I have more than 20 years of executive management experience, with a range of experience as a high tech marketing executive focused on high-growth, turnaround, and entrepreneurial marketing assignments. In 1986, I co-founded NewCity Communications, an alternative media company in Chicago.
In 1966, I moved to Oregon to run marketing at ABC Technologies, where I won several software marketing awards. The company was eventually sold to SAS Institute, the largest private solftware company in the world. In 2000, I was recruited to run marketing at fast-growing WebTrends. The company grew from $19 million to $61 million in my first year. The company was acquired by NetIQ. In 2003, I was named one of the top B2B marketers of the year. In 2005, the WebTrends division was sold off to Francisco Partners, a private equity firm.
In 2006, I became CMO of Touch Clarity out of London, where I repositioned the company, launched an industry and analyst program, made key partner in business development introductions, which played a key role in eventually selling the company to Omniture just 9 months later. I then spent the next 18 months at Omniture as a company evangelist and strategic marketing executive, before leaving to start Second Porch, Inc.

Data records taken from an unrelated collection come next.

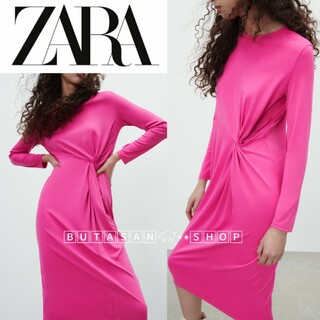 ザラ(ZARA)の新品 ZARA ザラ ピンク 体型カバー ドレープ ミディ ドレス ワンピース(ロングワンピース/マキシワンピース)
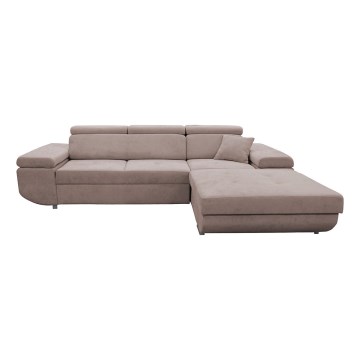 Canapé d'angle convertible avec rangement en L CASTELO droit rose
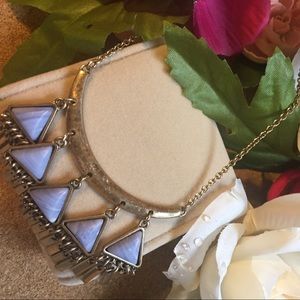 Blue Necklace boho triangle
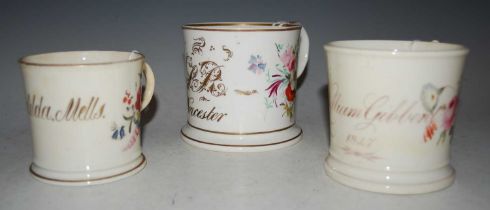 Three 19th century English porcelain christening mugs to include William Gibberd 1847 with floral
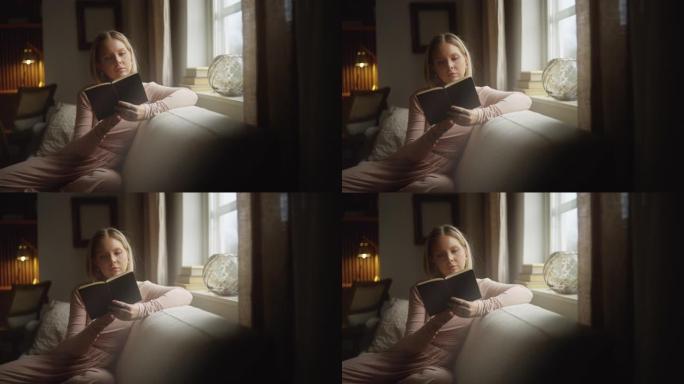 女人在客厅看书老外女士阅读阅览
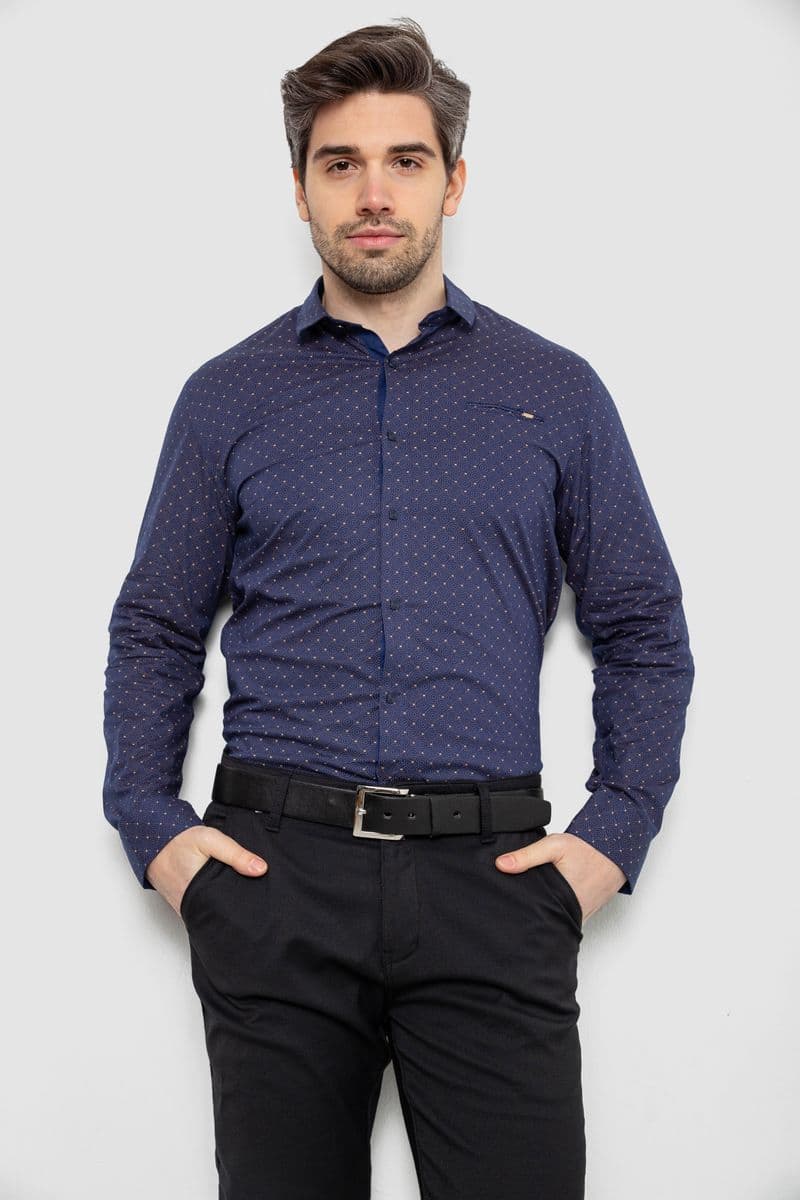Сорочка чоловіча однотонна з принтом, колір синій, 186R2008 - зображення 1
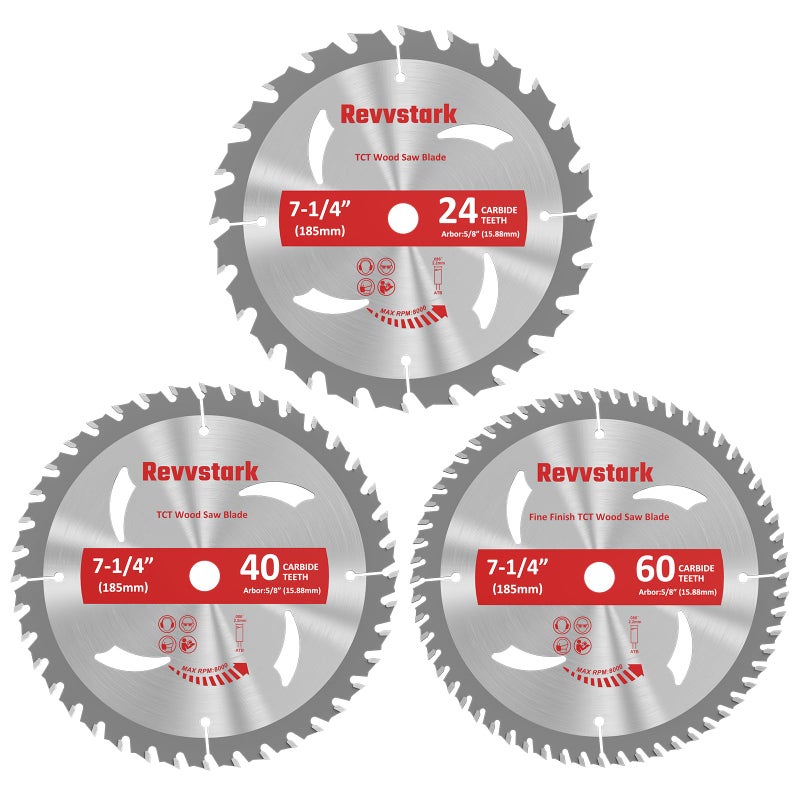 Revvstark 3 Pack 7 1/4 Circular Saw Blade 24T&40T&60T Combo  Tct Atb 24T Framing  40T Ripping & Crosscutting  60T Finish Saw Blade For Various Wood Cutting  5/8"" Arbor  Fit Dewalt Craftsman Ryobi Milwaukee - Image 1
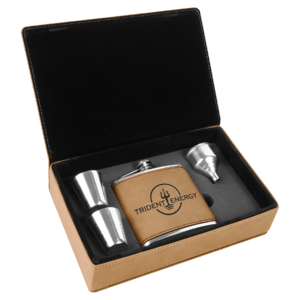 6 oz. Laserable Leatherette Flask Gift Set (Multiple Color Options)
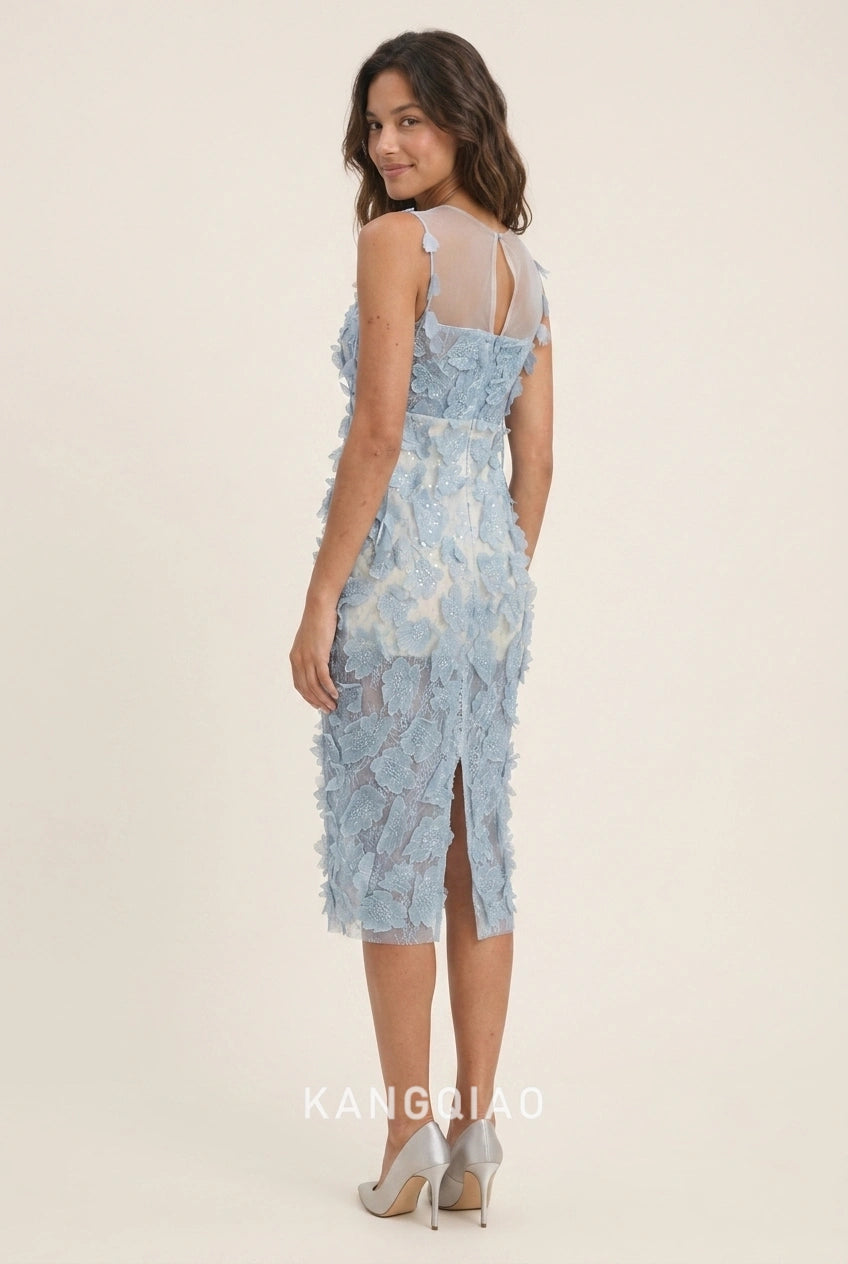 Elegant Sheath Illusion Neck Applique Floral Light Blue Midi Prom Dresses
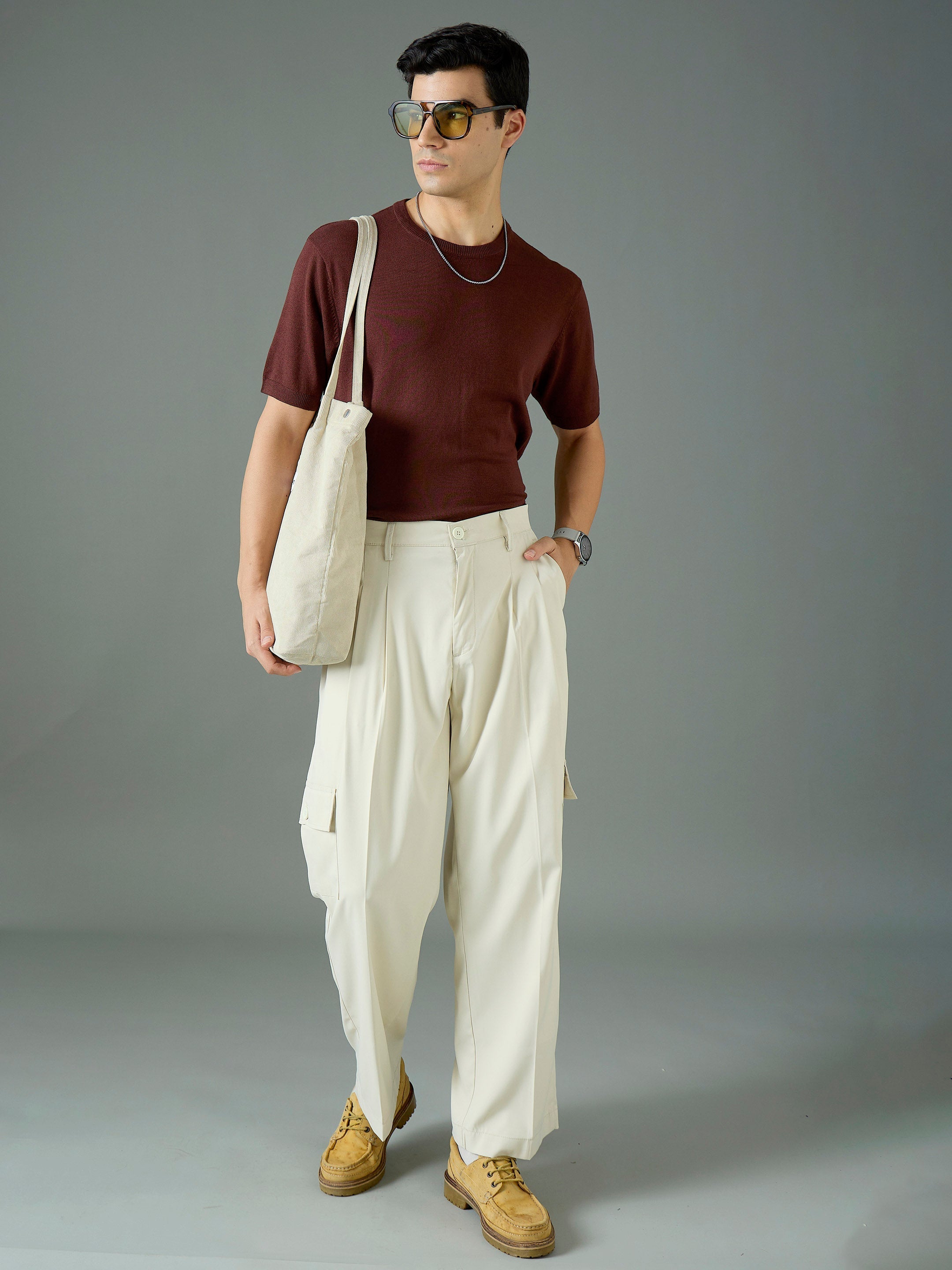 Men Off White Side Flap Pocket Relax Fit Korean Trouser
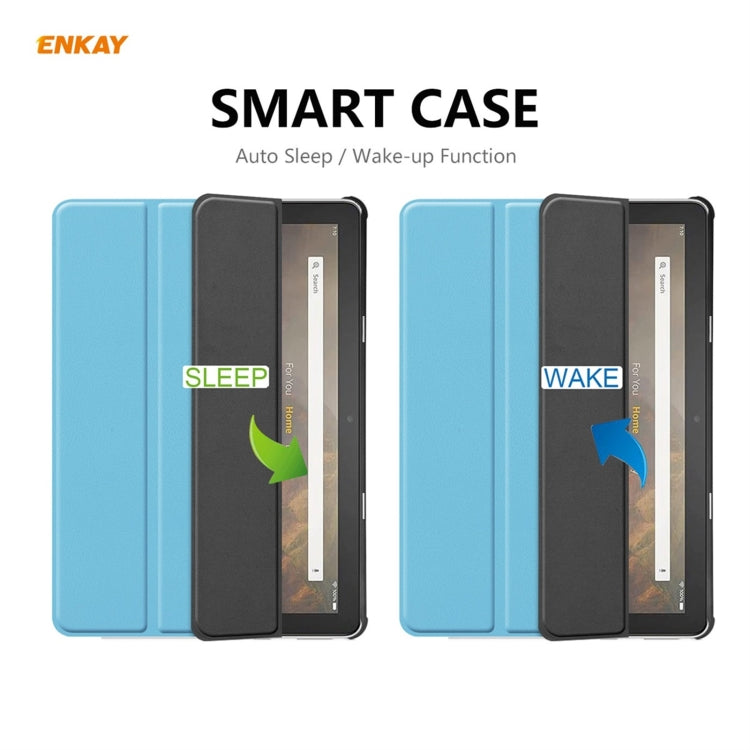 ENKAY PU Leather + Plastic Smart Case with Three-folding Holder for Amazon Fire HD 10 / 10 Plus (2021)(Light Blue) - Amazon by ENKAY | Online Shopping UK | buy2fix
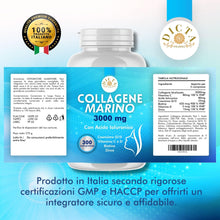 Carica l'immagine nel visualizzatore di Gallery, Collagene Marino con Acido Ialuronico 300Cpr 3000mg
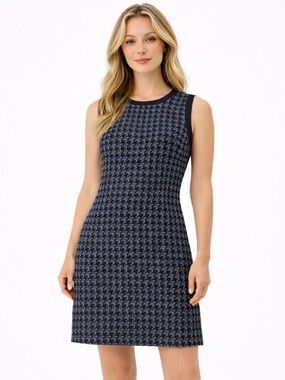 NWT Ann Taylor Petite 8 Black Blue Tweed Shift Dress Sleeveless Office Career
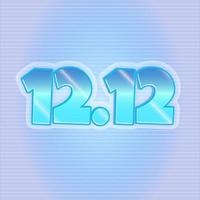 Three dimension text 12.12 with gradient background vector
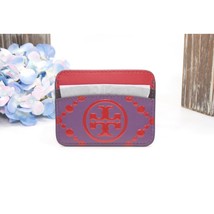 Tory Burch Wild Thistle Red Leather Colorblock Logo Card Case Mini Walle... - £110.66 GBP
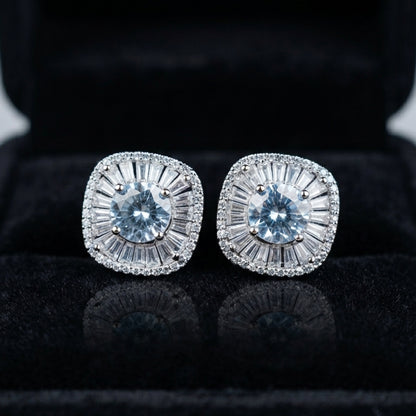 Silver Blue Crystal Stud Earrings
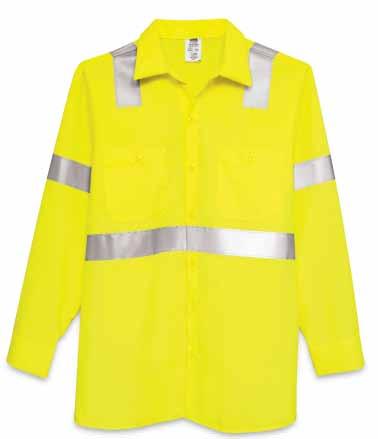 60860 71 lime yellow 65386 HigH-Visibility WoVen shirt Ansi ClAss 2 Trim is 3M Scotchlite Reflective Material Colorfast 5.5 oz.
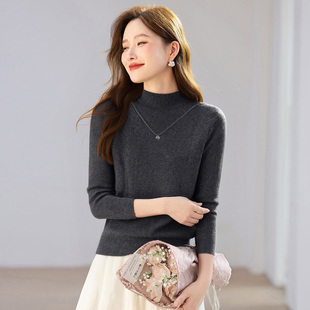 半高领毛衣女针织衫2025新款冬季爆款女装大衣内搭上衣打底可外穿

Did you have a partner when you started your business? How did you select a partner?
I networked with Kerry Kelley, someone else looking to start a company who had skills that complemented mine and found the idea and found the idea of Second Porch compelling.
Kerry is an experienced technology executive with over 25 years of increasing responsibility for operations, business strategy, product planning and development. Kerry began his career as an engineer developing office and factory automation tools for Georgia Pacific Corporation while completing an MS in Management at Georgia State University in Atlanta. In 1984, Kerry joined Apple Computer as a field engineer and technology consultant, supporting the sales forces with product roll outs, technical presentations and product integration efforts.
With the current economy in a slump, what cost saving tips would you have for a new entrepreneur?
Keep your overhead to an absolute minimum. Keep your expenses variable as much as possible. Choose a lean, mean team with a lot of cross over skills and flexibility. With a small team, each member needs to have experience, knowledge and understanding of a wide array of business segments.
Have you outsourced any portion of your business? Has that worked for your business?
Although my marketing background provides Second Porch with a strategic marketing direction, there are dozens of marketing applications that I don't have time for. We had engaged a PR firm to help with the launch of Second Porch and have a very small contract with an online marketing specialist who is helping us create the "buzz" on Second Porch.
Social marketing is consistently being written about in the small business space. Has it worked generating business for you?
Social marketing is OUR business. We deliver this for owners of second homes, more than 16 million which exist around the globe.
What advice would you give to somebody else who wanted to start a similar business?
I would advise them to study the competition really well, understand their position and then clearly figure out what you will do differently that should appeal to a specific customer base with a strong unmet need.
Thank you for your time, Brent. Best wishes with you latest venture.